- [Problem details]: Starting at the line that contains "Ecru Fashion Fitted Midi Dress" and stopping after the line that contains "The Bespoke Portrait: Custom Line Art Case", transcribe the listing below exactly; do not include any pictures.

- [Extracted entries]:
——————

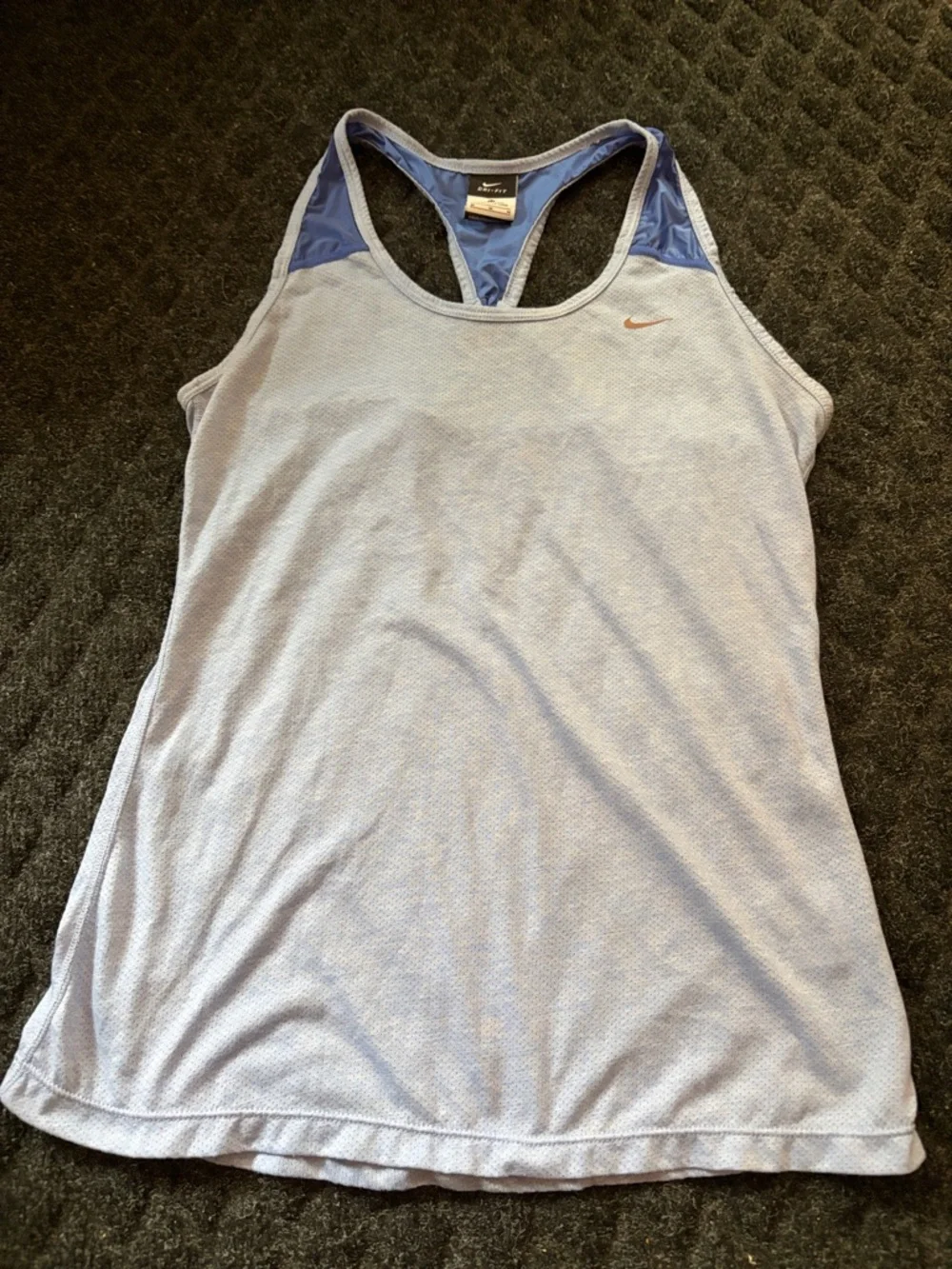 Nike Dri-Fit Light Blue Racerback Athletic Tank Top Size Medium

——————

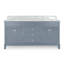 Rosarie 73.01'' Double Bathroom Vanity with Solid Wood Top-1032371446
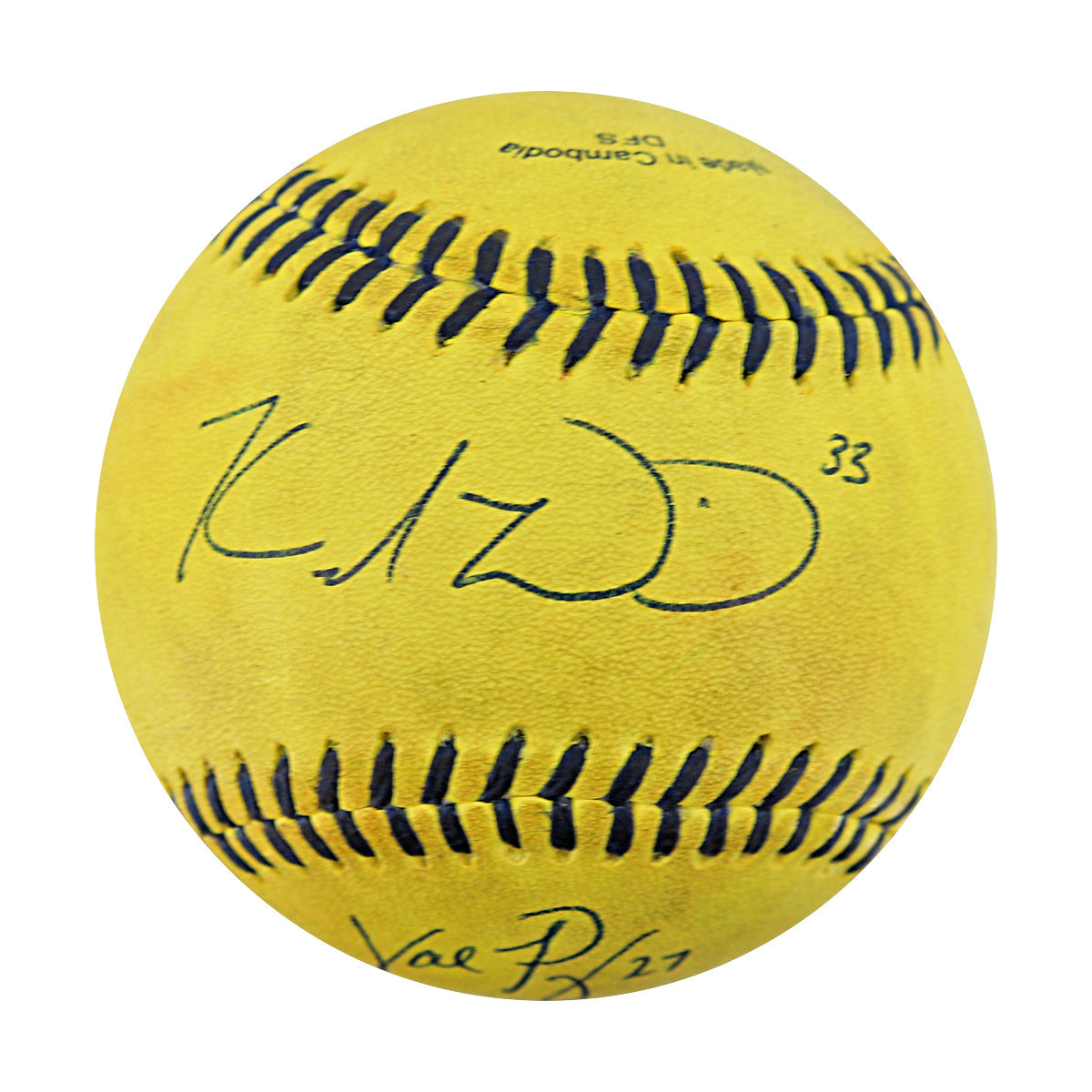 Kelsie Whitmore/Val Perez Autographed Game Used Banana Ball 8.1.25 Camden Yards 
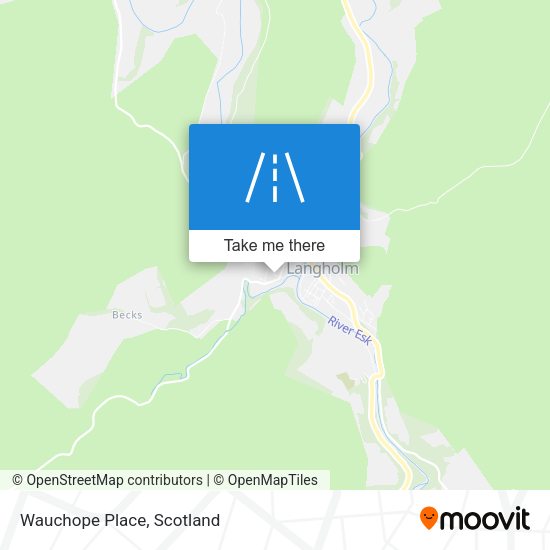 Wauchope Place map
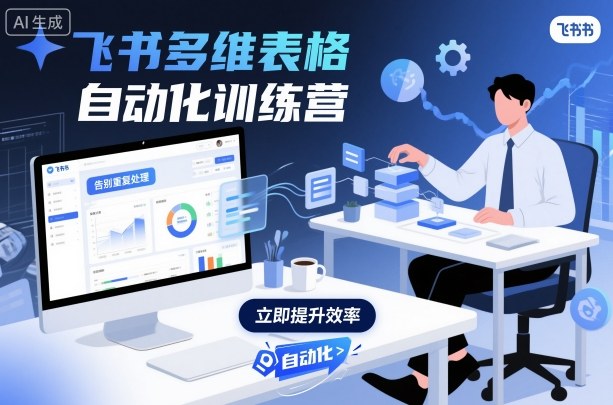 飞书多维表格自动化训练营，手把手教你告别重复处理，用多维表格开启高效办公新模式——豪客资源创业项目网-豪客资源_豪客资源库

——————

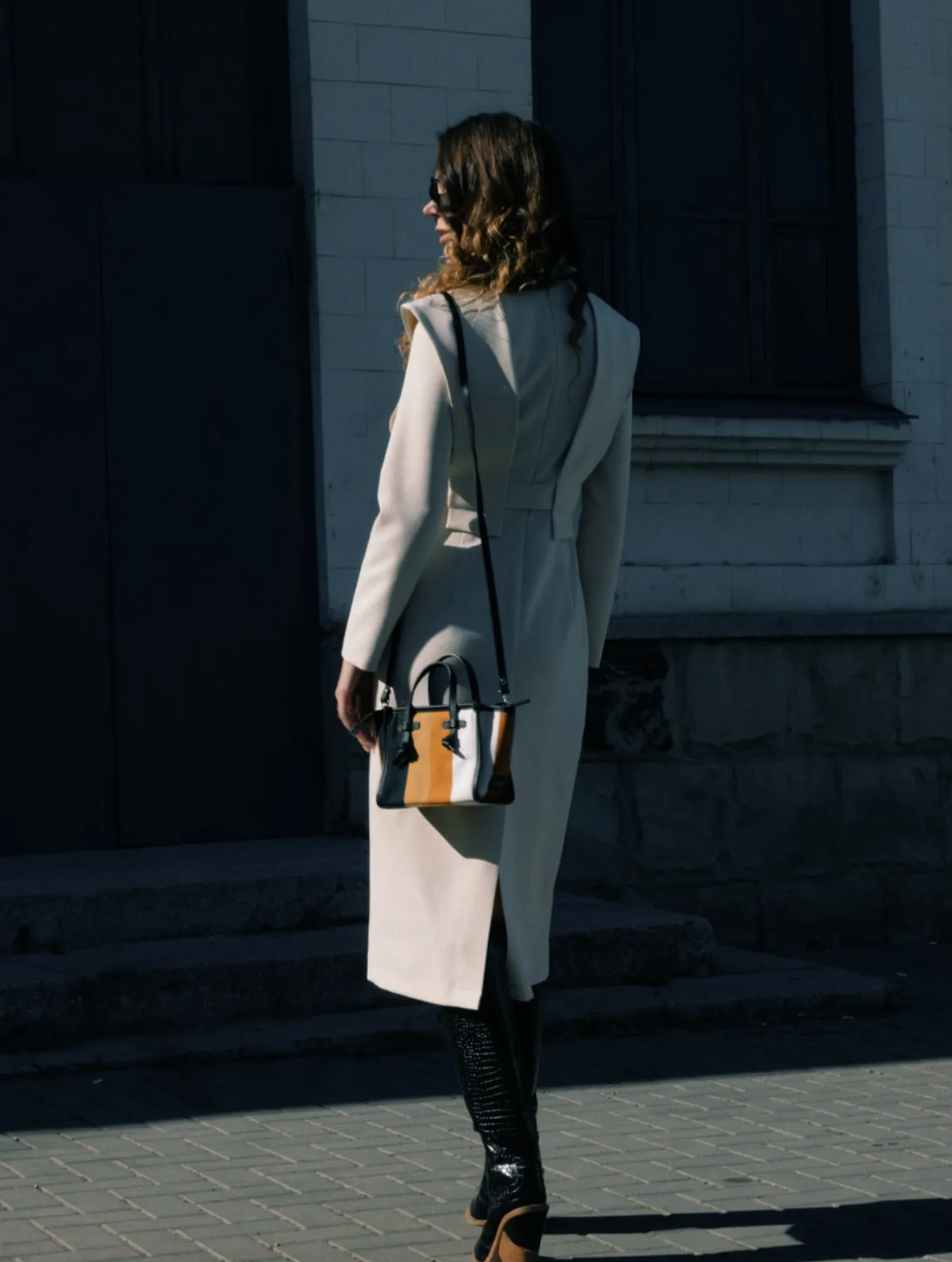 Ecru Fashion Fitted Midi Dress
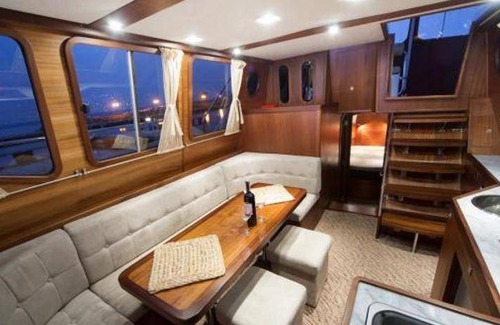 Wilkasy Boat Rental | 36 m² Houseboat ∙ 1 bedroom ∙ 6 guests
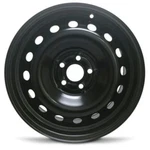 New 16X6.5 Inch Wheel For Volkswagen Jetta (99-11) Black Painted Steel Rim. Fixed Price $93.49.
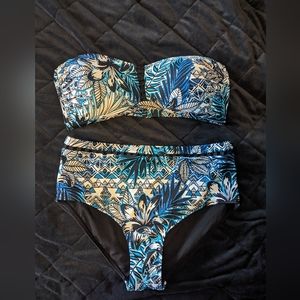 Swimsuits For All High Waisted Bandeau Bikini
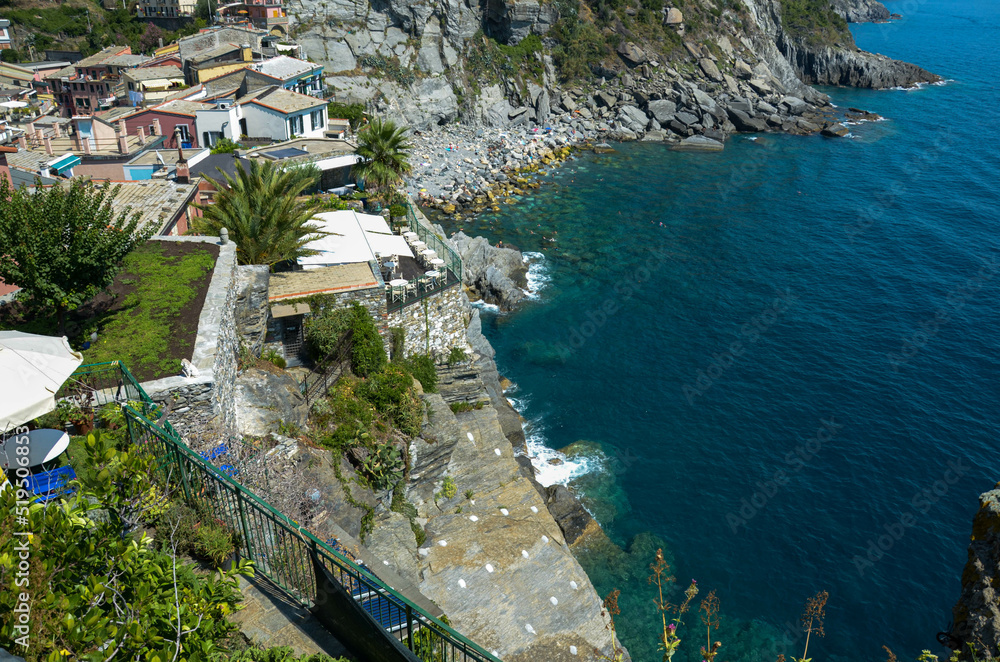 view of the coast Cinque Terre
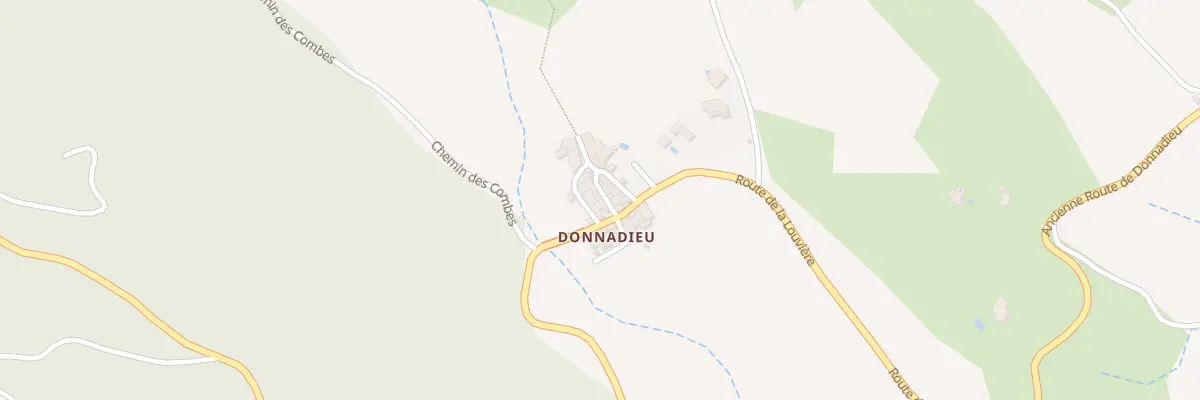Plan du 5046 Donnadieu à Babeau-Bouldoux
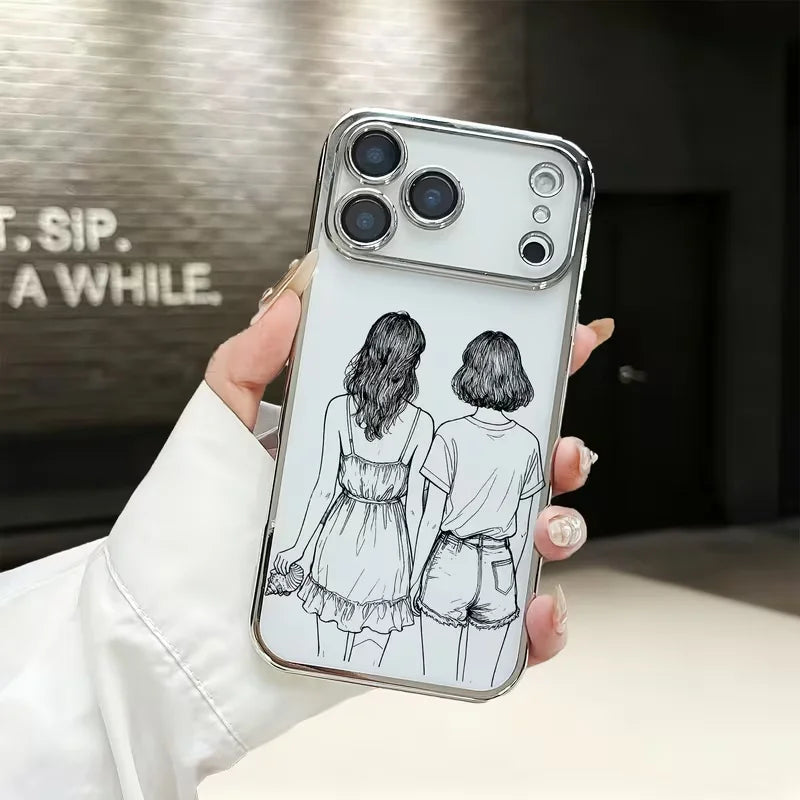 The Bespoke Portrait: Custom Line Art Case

——————

- [Solution for this problem]:
 Ecru Fashion Fitted Midi Dress
 Wilkasy Boat Rental | 36 m² Houseboat ∙ 1 bedroom ∙ 6 guests
 New 16X6.5 Inch Wheel For Volkswagen Jetta (99-11) Black Painted Steel Rim. Fixed Price $93.49.
 Swimsuits For All High Waisted Bandeau Bikini
 view of the coast Cinque Terre
Plan du 5046 Donnadieu à Babeau-Bouldoux
 The Bespoke Portrait: Custom Line Art Case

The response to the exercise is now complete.